Written by: Michael Den Boer on December 12th, 2016
BluRay released: November 28th, 2016 (UK) / December 13th, 2016 (USA)
Approximate running times: 97 Minutes (Theatrical Cut), 101 Minutes (Pre-Release Version)
Aspect Ratios: 1.85:1 Widescreen / 1080 Progressive / MPEG-4 AVC (Both Versions) & 1.37:1 Aspect Ratio / 1080 Progressive / MPEG-4 AVC (Both Versions)
Sound: LPCM Mono English
Subtitles: English SDH
BluRay Release: Arrow Video USA
Region Coding: Region A,B / Region 1,2 NTSC
Retail Price: $39.95 (USA) / £17.99 (UK)
Synopsis: Reno Miller is a down and out artist that is desperately trying to finish a painting that he is working on before his landlord evicts him for not paying his rent. To make matter worse Reno has two roommates who have been making way too many long distance calls and now the phone is being disconnected since he neglected to pay off what he owes. Reno works night and day on what he feels is going to be his greatest work as a painter. More bad news in the form of Punk band that has recently moved in downstairs and they practice night and day. Unable to concentrate and finish his painting due to the loud music from his neighbors’ Reno quickly becomes unstable. Reno acquires a Porto-Pak to help him power his drill and then he stalks the streets of New York in search of the homeless who he then kills with his power drill.
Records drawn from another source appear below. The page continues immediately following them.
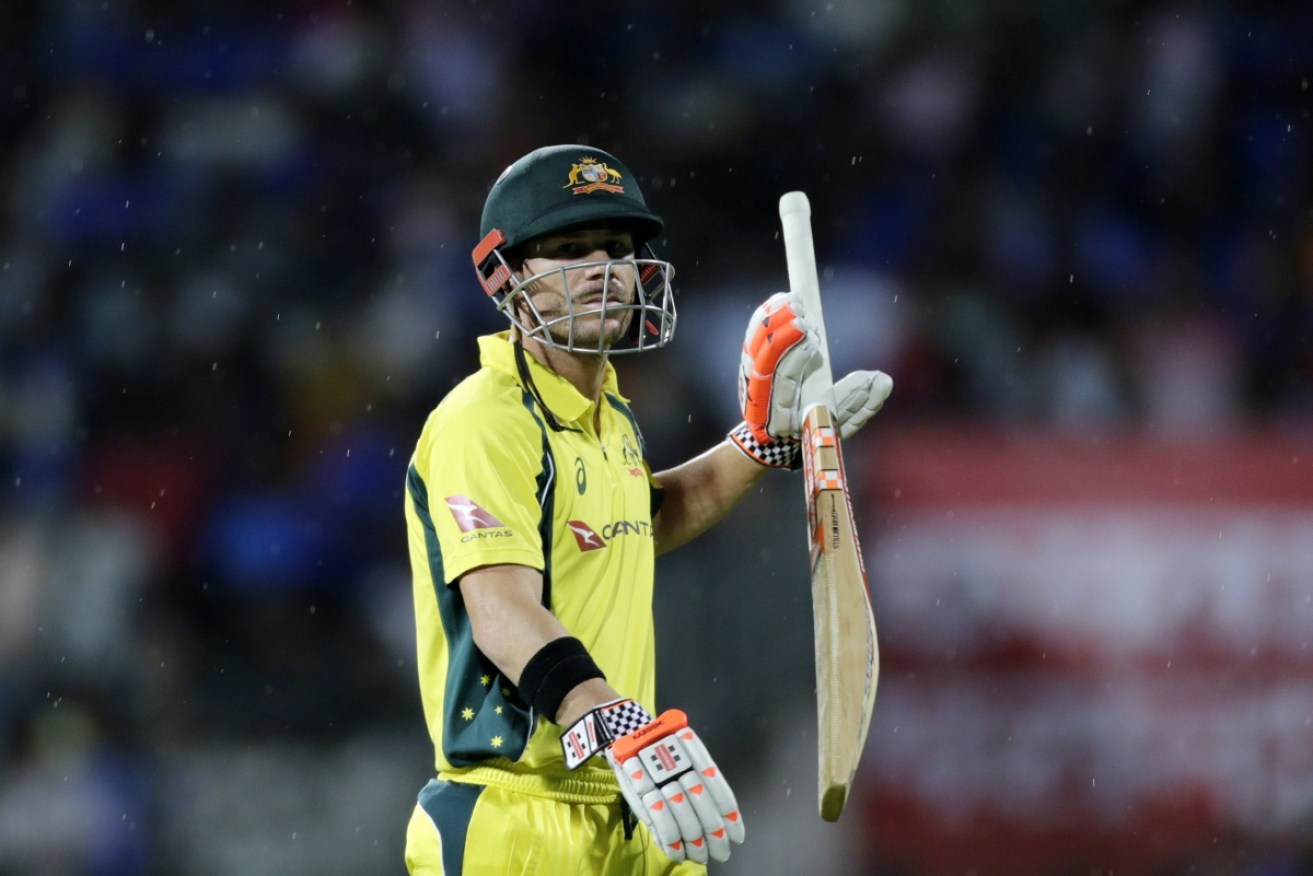 David Warner made just 25 as Australia lost its rain-shortened ODI opener to India.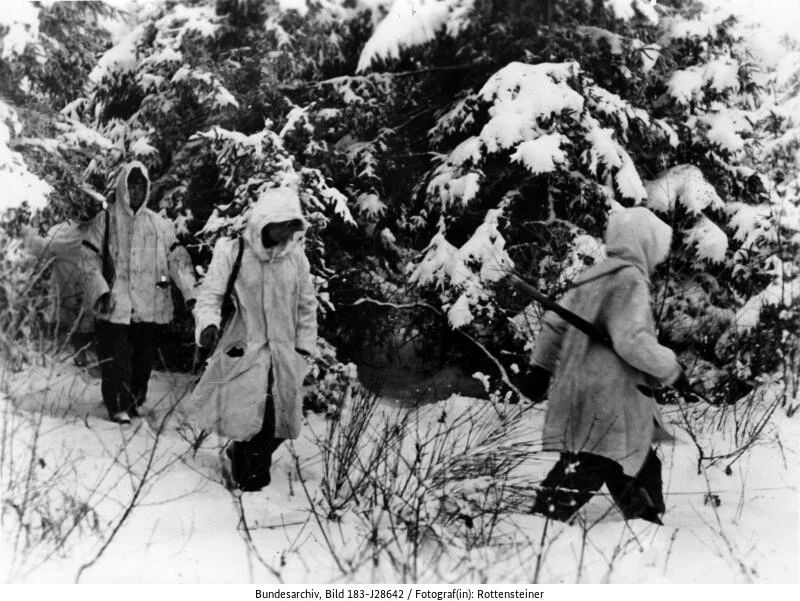 Ein deutscher Spähtrupp arbeitet sich durch einen tief verschneiten Wald. (Bild: Deutsches Bundesarchiv, 183-J28642, Januar 1945, Rottensteiner)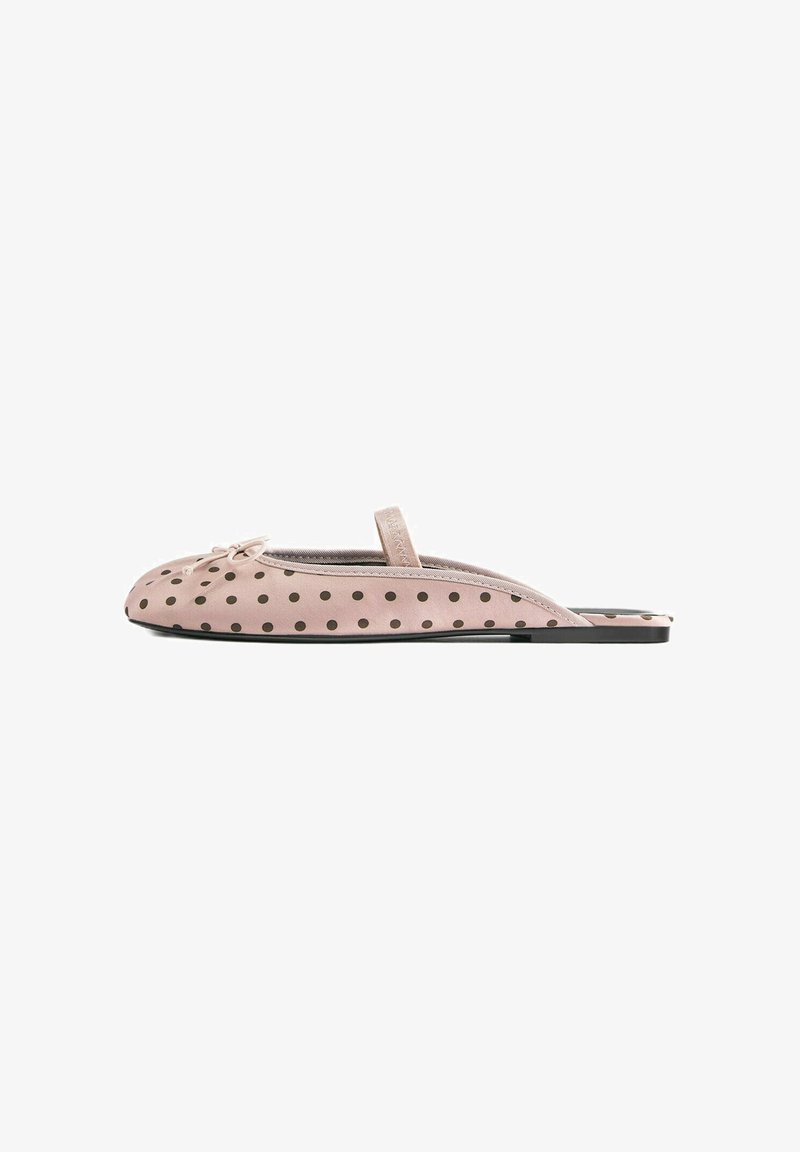Flat pink slip-on shoe with black polka dots, a thin strap across the top, and a small bow near the toe.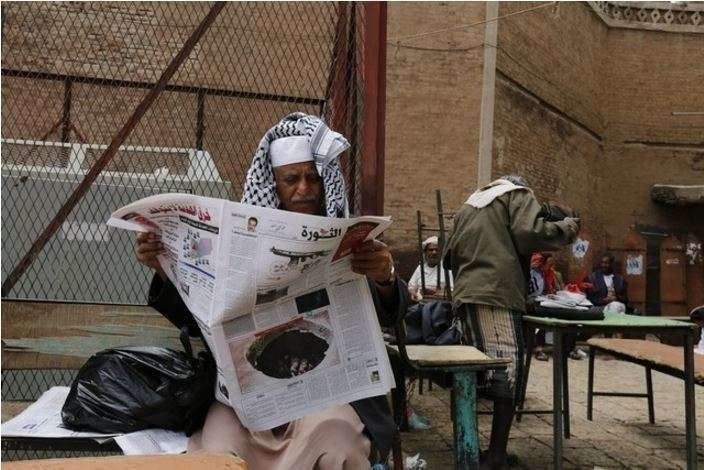 Un yemení lee el periódico en un mercado en Saná.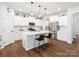 Modern kitchen with a center island, stainless steel appliances, and sleek countertops, ideal for entertaining at 1017 Cheviot Ct, Waxhaw, NC 28173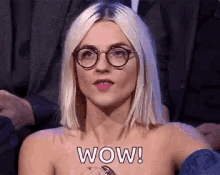 a woman wearing glasses and a ring is sitting in front of a crowd and says wow .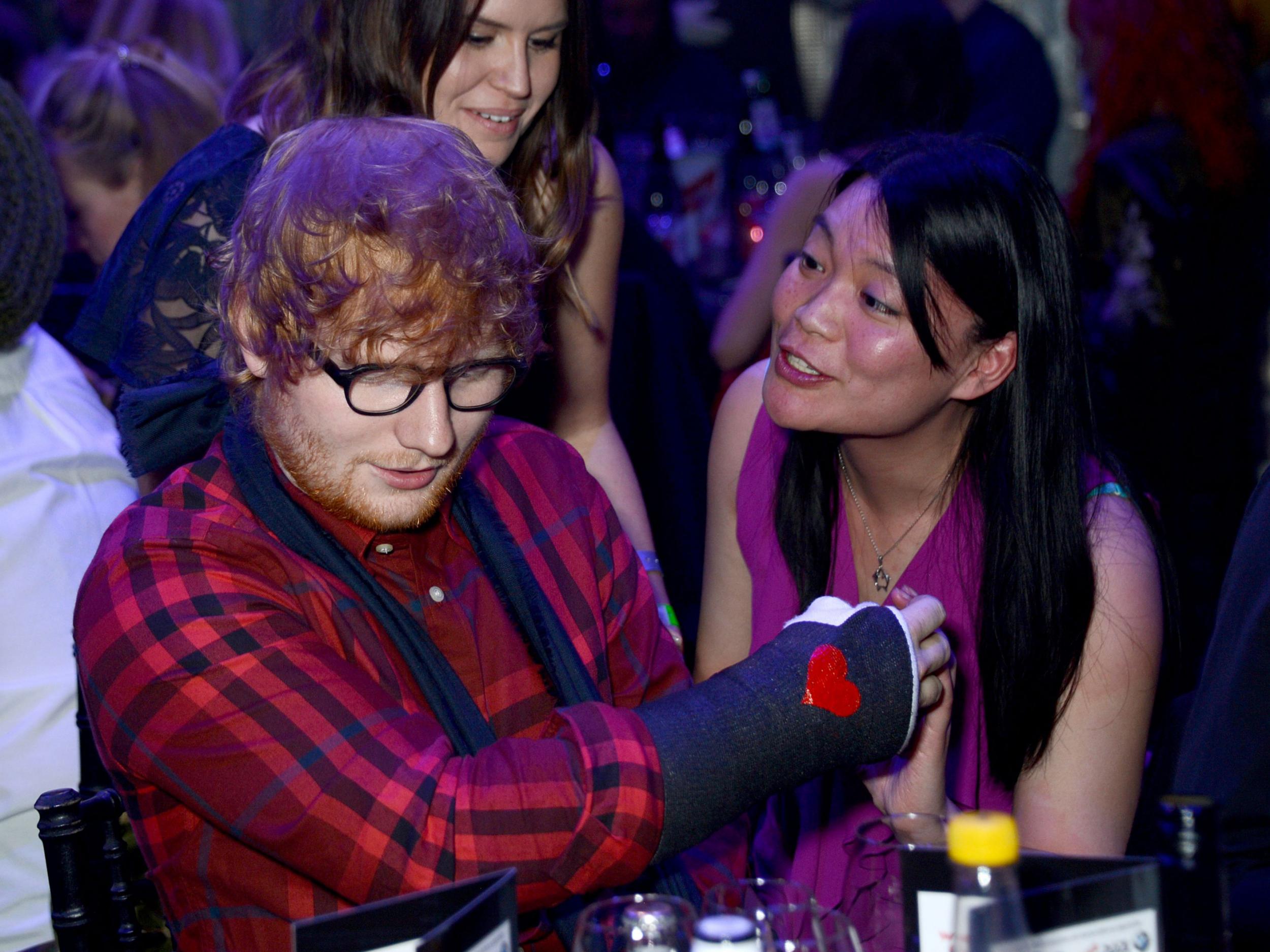 Ed Sheeran sporting his cast at the Q Awards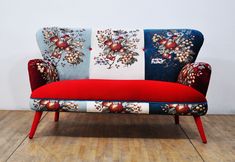 a red and blue couch sitting on top of a wooden floor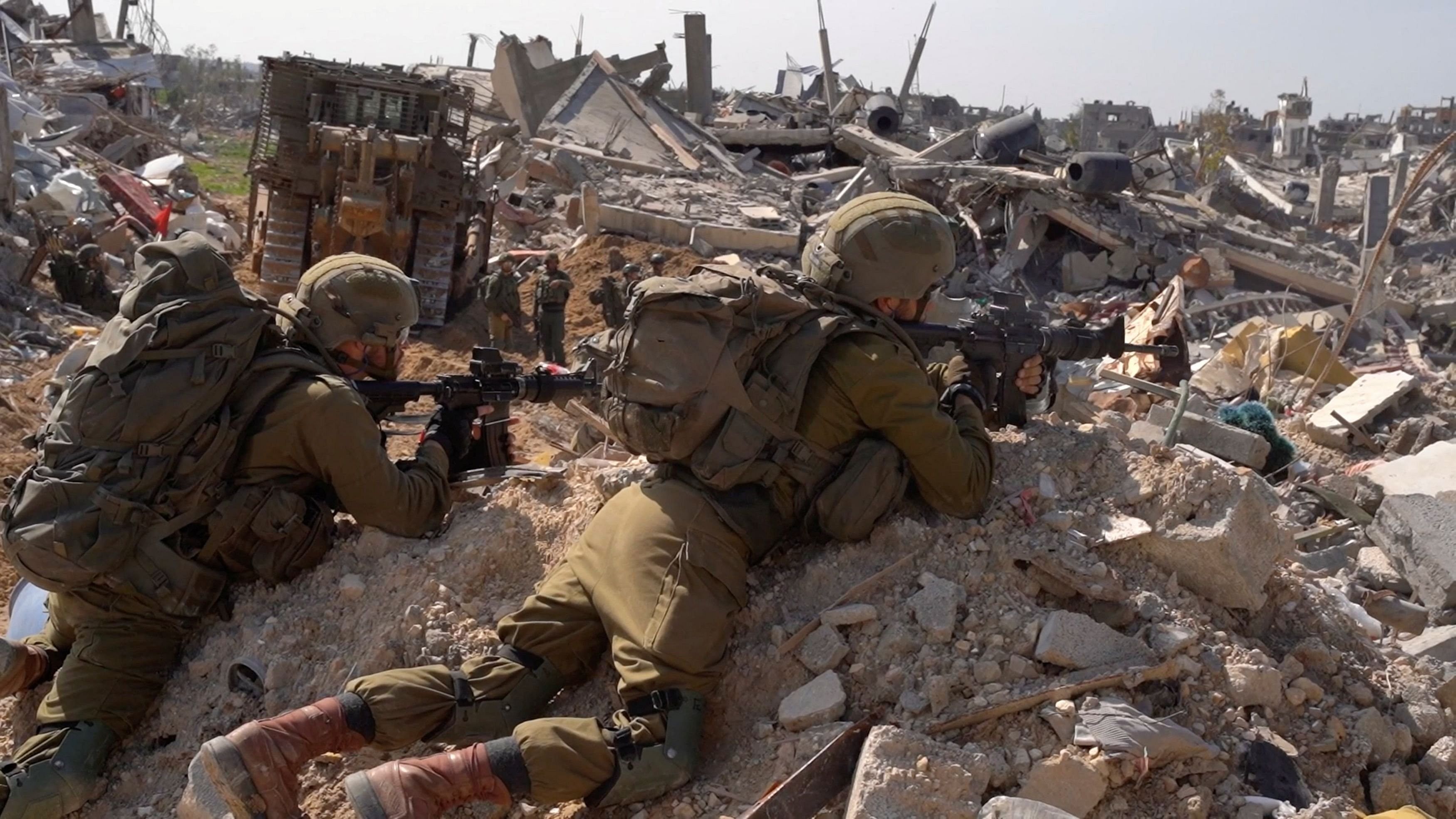 <div class="paragraphs"><p>Israeli soldiers operate amid the ruins of buildings, at  the Gaza Strip.</p></div>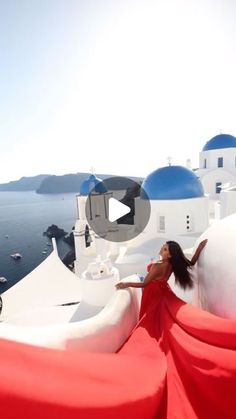 a woman in a red dress standing on the edge of a white building with blue domes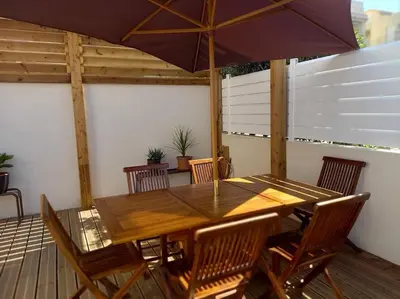 a wooden table with chairs and an umbrella on a deck at Appartement 100 m2 Terrasse Piscine in Gruissan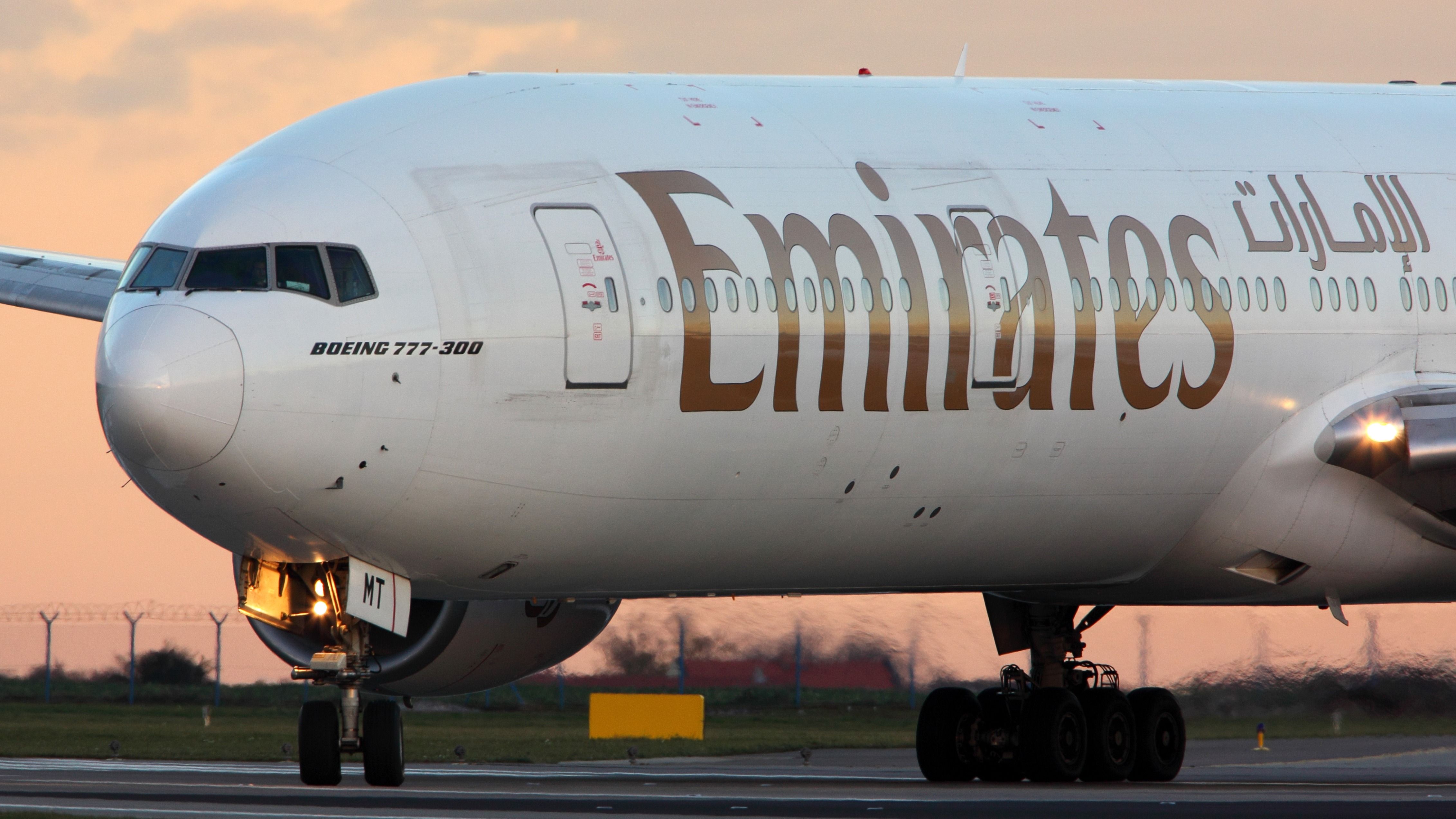 A closeup of an Emirates Boeing 777 on an airport apron.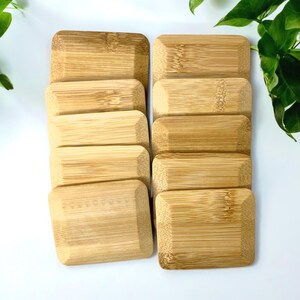 May include: A set of ten rectangular bamboo coasters arranged in two vertical columns of five. Each coaster features a natural light brown wood grain pattern with beveled edges and a smooth, flat surface, showcasing the organic texture of bamboo.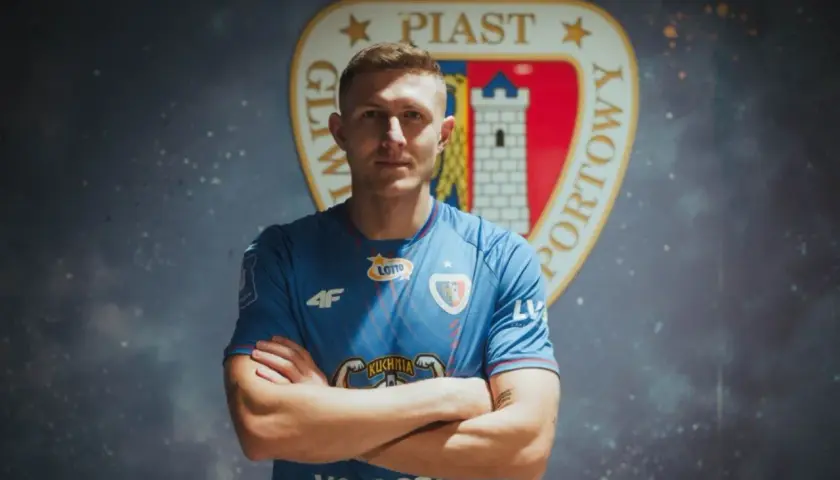 Piast Gliwice ogłasza nowe piast gliwice transfery. Młody piłkarz w niebieskiej koszulce z herbem klubu.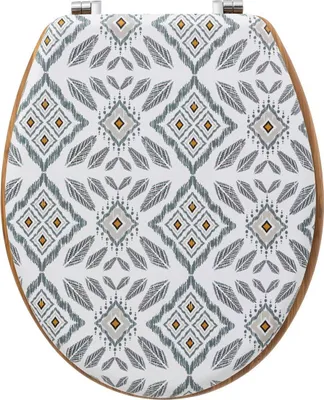 A toilet seat with a patterned design.
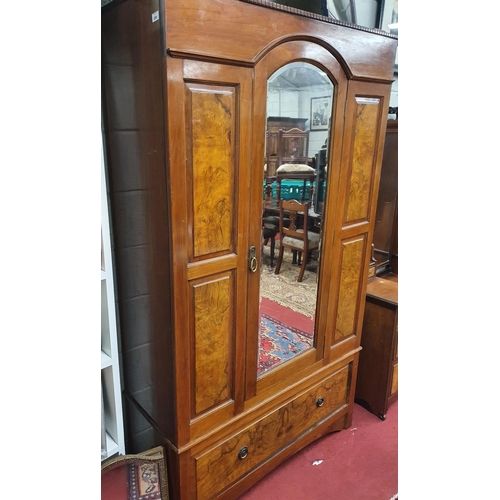 220 - A late 19th Century Walnut three door Wardrobe along with its Dressing Table partner and another sin... 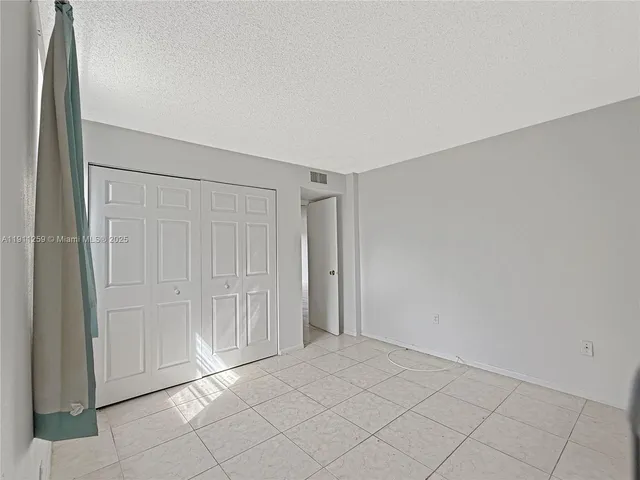 an empty room with a wooden door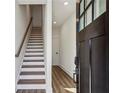 Bright entryway with wood floors, white walls, a staircase, and modern black hardware at 101 Mission Se Way # 101, Atlanta, GA 30315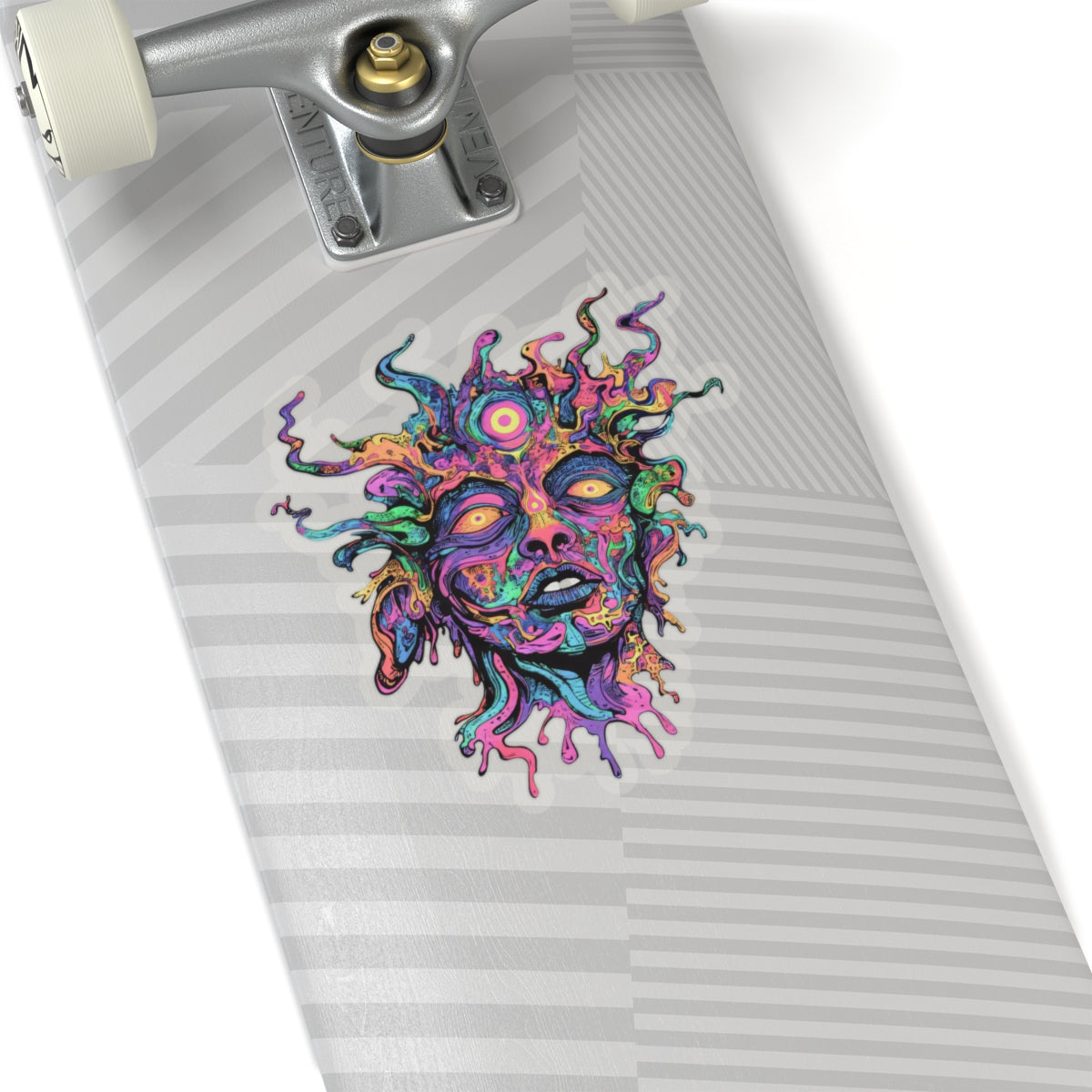 Vibrant, abstract face sticker with flowing lines and multiple eyes on a grey striped surface.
Abel Ferrara is not a conventional filmmaker by any means. His films are gritty depictions of New York City in its rawest form. His is virtually a one man show as he has not only directed but written, acted and edited many of his films including The Driller Killer as film which first gained notoriety as a video nasty in England in the early 1980’s. Despite obtaining the video nasty tag this film is surprisingly tame when it comes to violent content. Nothing about The Driller Killer is polished and in fact it is this rough around the edges look that makes what is going on during the film so compelling. The plot is average at best and it even feels padded with scenes that include the punk rock band in the film. Ferrara’s direction does manage to crack out some really impressive shots despite the films lack of budget and time constraints.
Acting wise none of the performers really stood out or caught my attention except Abel Ferrara who plays the films lead character Reno Miller under the pseudonym Jimmy Laine. Ferrara is intense through out and even in his characters lowest moments he manages to gain is just a little of my sympathy. Abel Ferrara is a maniac through out the film and it is obvious that he is enjoying this role he is playing. There is something fascinating about this film despite its flaws as it moves along at a brisk pace. There is a few similarities Martin Scorsese’s Taxi Driver most notably in how one the scene’s in The Driller Killer is edited. The Driller Killer is an interesting cult film oddity that opens with an appropriate message that says that this film should be played loud and of course they are right. Ultimately The Driller Killer is a tale about a man who fear of becoming what he most despises drives him to murder.
The Driller Killer comes on a 50 GB dual layer BluRay and both versions are flagged for progressive playback. This release comes with two versions of the film and there are also two aspect ratios 1.37:1 and 1.85:1, offered for each version. For this release a brand new 4k master was created from the film’s original camera negative and the end result is easily the best this film has ever looked on home video. Grain remains intact and there are no issues with DNR or compression.
This release comes with one audio option, a LPCM mono mix in English and included with this release are removable English SDH subtitles. The disclaimer before the film sums up this film audio mix, “This Film Should be Played Loud”. The audio sounds clean, clear and balanced.
Extras for this release include, a trailer for the film (32 seconds), an interview with director Abel Ferrara titled Laine and Abel: An Interview with the Driller Killer (17 minutes 31 seconds), a visuals essay titled Willing and Abel: Ferraraology 101 (34 minutes 19 seconds), a documentary titled Mulberry St. (87 minutes 52 seconds) and an informative audio commentary with Abel Ferrara and Brad Stevens author of Abel Ferrara: The Moral Vision. And this audio commentary is a more focused track than the audio commentary track that appeared on previous home video releases.
Topics discussed in the interview with Abel Ferrara include, cinema influences, film school and his early attempts at filmmaking, adult cinema and why he only made one film in that genre, Nicolas Ray, The Texas Chain saw Massacre, The Driller Killer, his approach to filmmaking and his thoughts about the film.
The documentary titled Mulberry St. is essentially an in-depth look about the location that has been featured prominently in the majority of Abel Ferrara’s films.
Rounding out the extras is a reversible cover art and a twenty-eight-page booklet with cast and crew info for The Driller Killer, an essay titled All Around, In the City written by Michael Pattison, crew info for Mulberry St., an essay titled The Memory of Reality written by Brad Stevens and information about the transfer. Also included with this release is a DVD that has the same content included on the Blu-Ray included as part of this combo release. Overall The Driller Killer gets an exceptional release from Arrow Video, highly recommended.